[The data Boundary: Start]

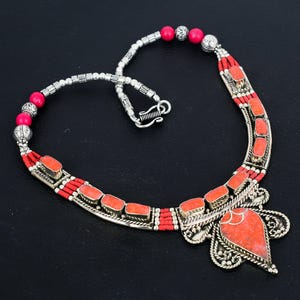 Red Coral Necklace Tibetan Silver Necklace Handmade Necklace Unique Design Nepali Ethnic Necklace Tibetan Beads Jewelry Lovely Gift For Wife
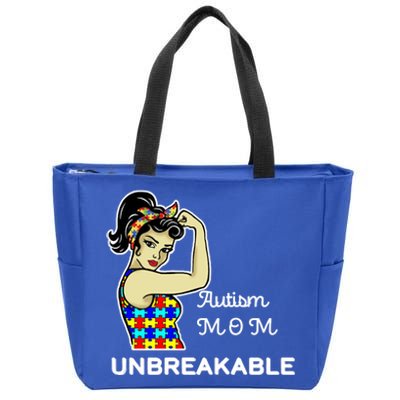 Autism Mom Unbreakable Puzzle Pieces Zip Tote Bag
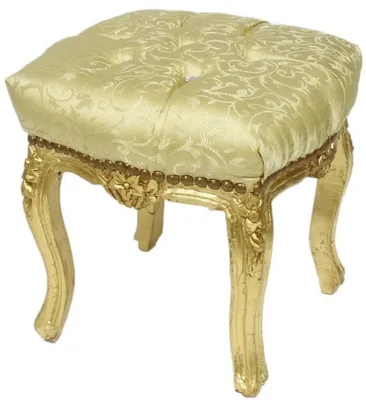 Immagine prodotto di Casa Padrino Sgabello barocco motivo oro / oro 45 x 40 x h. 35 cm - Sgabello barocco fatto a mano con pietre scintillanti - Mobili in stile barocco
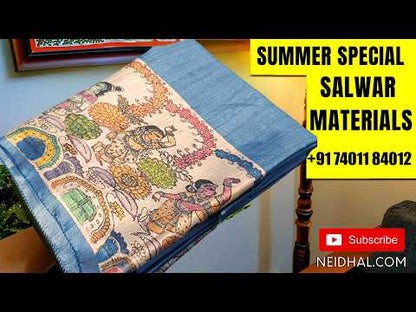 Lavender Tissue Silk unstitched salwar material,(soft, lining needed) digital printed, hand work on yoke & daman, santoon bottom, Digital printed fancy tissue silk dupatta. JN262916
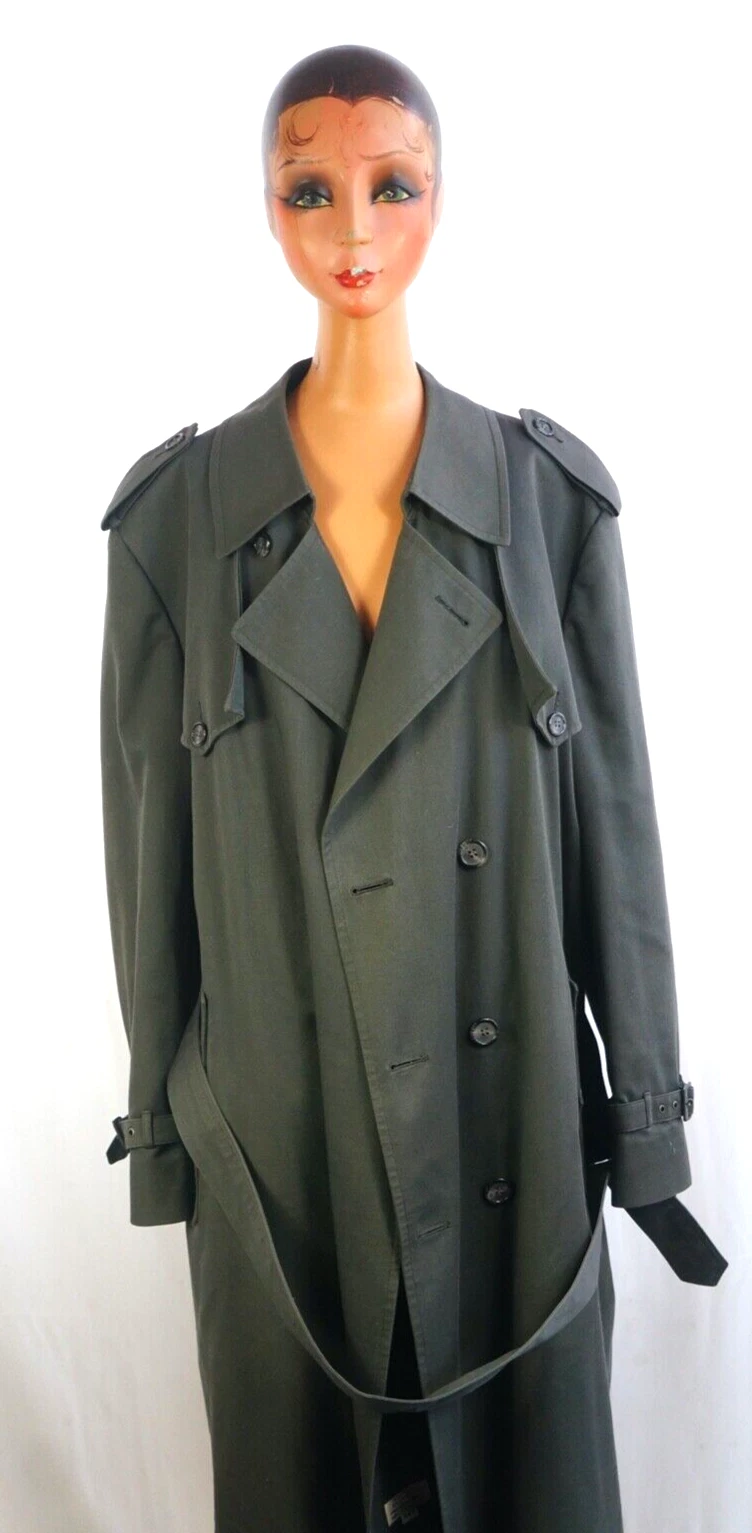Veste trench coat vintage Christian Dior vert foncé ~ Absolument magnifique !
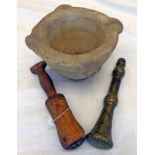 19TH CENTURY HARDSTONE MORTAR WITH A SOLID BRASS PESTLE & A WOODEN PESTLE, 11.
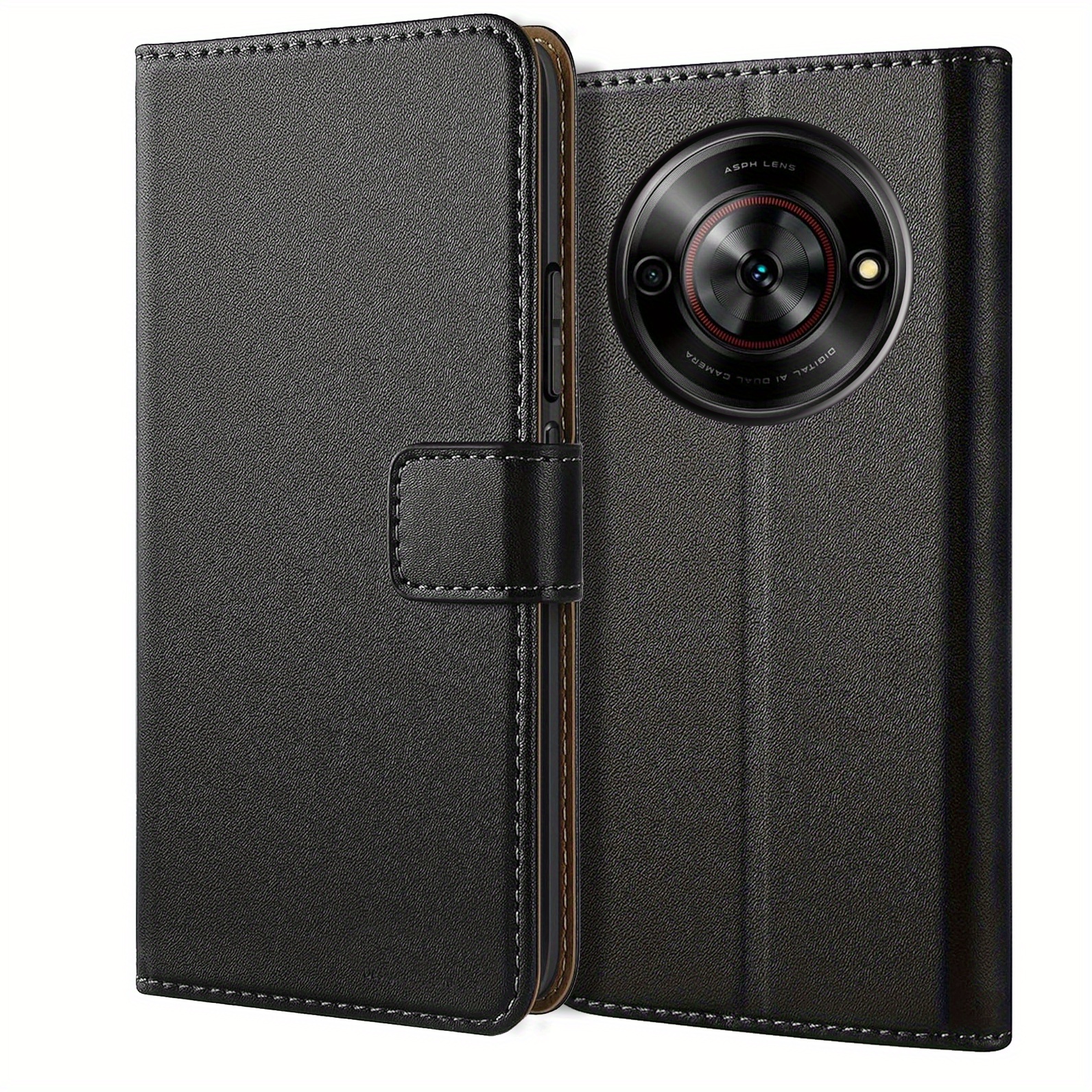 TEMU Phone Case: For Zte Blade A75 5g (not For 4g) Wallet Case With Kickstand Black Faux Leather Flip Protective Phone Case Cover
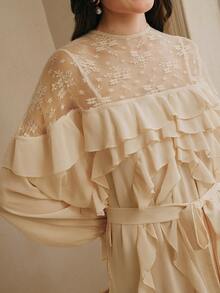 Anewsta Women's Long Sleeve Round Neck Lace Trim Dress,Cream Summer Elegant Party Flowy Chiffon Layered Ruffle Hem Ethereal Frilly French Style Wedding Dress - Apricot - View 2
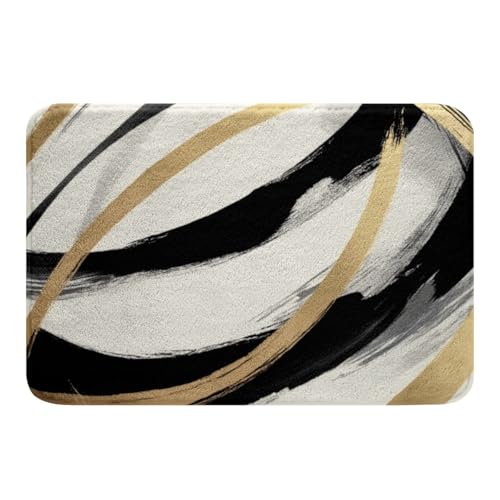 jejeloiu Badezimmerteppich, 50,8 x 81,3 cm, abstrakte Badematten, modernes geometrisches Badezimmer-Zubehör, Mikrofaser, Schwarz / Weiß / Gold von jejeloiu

[The data Boundary: End]

### How to complete this task
After locating the line that contains "Autism Mom Unbreakable", output it and all later lines through the end of the material exactly, leaving out pictures.

### Exercise solution
 Autism Mom Unbreakable Puzzle Pieces Zip Tote Bag
 Immagine prodotto di Casa Padrino Sgabello barocco motivo oro / oro 45 x 40 x h. 35 cm - Sgabello barocco fatto a mano con pietre scintillanti - Mobili in stile barocco
 Lavender Tissue Silk unstitched salwar material,(soft, lining needed) digital printed, hand work on yoke & daman, santoon bottom, Digital printed fancy tissue silk dupatta. JN262916
Veste trench coat vintage Christian Dior vert foncé ~ Absolument magnifique !
 19TH CENTURY HARDSTONE MORTAR WITH A SOLID BRASS PESTLE & A WOODEN PESTLE, 11.
 TEMU Phone Case: For Zte Blade A75 5g (not For 4g) Wallet Case With Kickstand Black Faux Leather Flip Protective Phone Case Cover
 Anewsta Women's Long Sleeve Round Neck Lace Trim Dress,Cream Summer Elegant Party Flowy Chiffon Layered Ruffle Hem Ethereal Frilly French Style Wedding Dress - Apricot - View 2
 jejeloiu Badezimmerteppich, 50,8 x 81,3 cm, abstrakte Badematten, modernes geometrisches Badezimmer-Zubehör, Mikrofaser, Schwarz / Weiß / Gold von jejeloiu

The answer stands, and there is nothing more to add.